### WORK ORDER
Transcribe the entire listing faithfully; every line must match the original.

[[ INPUT DATA open ]]

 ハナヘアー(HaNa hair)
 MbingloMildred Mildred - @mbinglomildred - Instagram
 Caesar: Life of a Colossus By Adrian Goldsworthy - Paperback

[[ INPUT DATA closed ]]

### RESULT OF THE EXERCISE
 ハナヘアー(HaNa hair)
 MbingloMildred Mildred - @mbinglomildred - Instagram
 Caesar: Life of a Colossus By Adrian Goldsworthy - Paperback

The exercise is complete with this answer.